K! let's leave it for now I don't mind either way.

ema added a subscriber: ema.Jun 4 2019, 1:59 PM

@CDanis thank you so much for this! Very useful. Note that the Server response header will be set to Varnish for all synthetic responses internally generated by Varnish. You can identify those by checking if the X-Cache-Status header (or X-Cache) contains "int". An example of response generated by Varnish (and not by the origin servers) is when you're asking a cache_upload server for the wrong domain:

$ curl -v -H "Host: banana.wikipedia.org" -H "X-Forwarded-Proto: https" http://cp2002.codfw.wmnet/x 2>&1 | egrep -i "X-Ca|Server:|1 404"
< HTTP/1.1 404 Requested domainname does not exist on this server
< Server: Varnish
< X-Cache: cp2002 int
< X-Cache-Status: int-front

Whenever in VCL we do return (synth($status_code, $reason)), that's a synthetic (int) response.

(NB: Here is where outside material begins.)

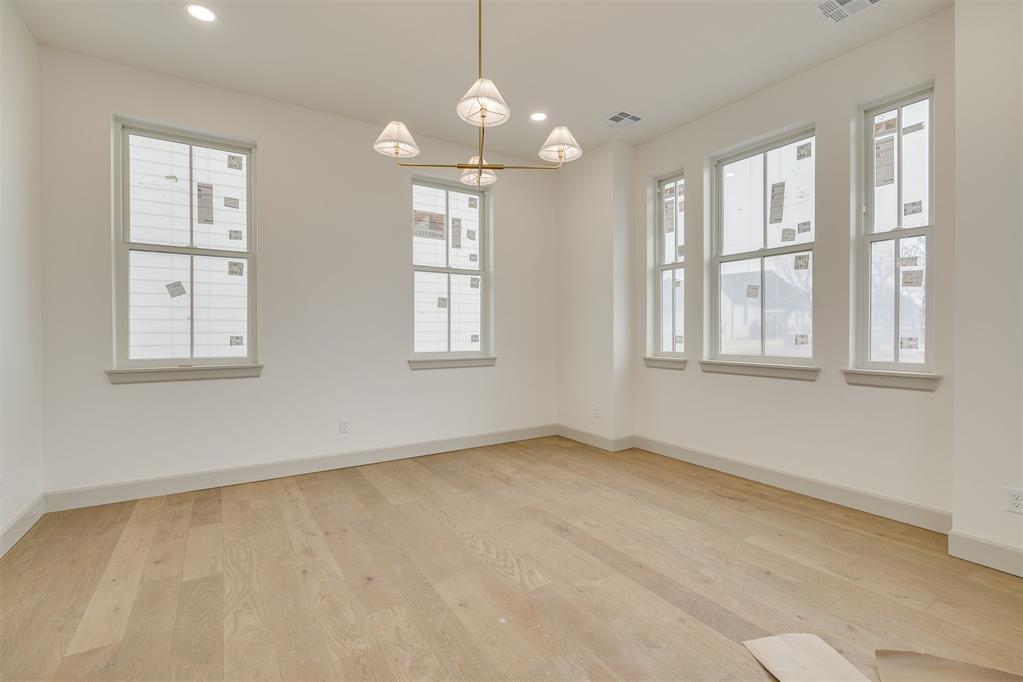 18457 Sweetwater Lane Property Photo 10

Not only those are synth responses! 503 errors generated by Varnish are also in that category and will have a Server response header value of "Varnish". They can be due to errors fetching from the origin server of various nature, including timeouts fetching from the origin, Varnish bugs, and what not.

CDanis added a comment.Jun 4 2019, 2:14 PM

Indeed, thanks @ema ! I talked with @fgiunchedi some about this earlier and we tweaked the wording on the Logstash dashboard to remind users that "Varnish" appearing highly in the "top n Backends" panel is not necessarily reflective of a Varnish issue.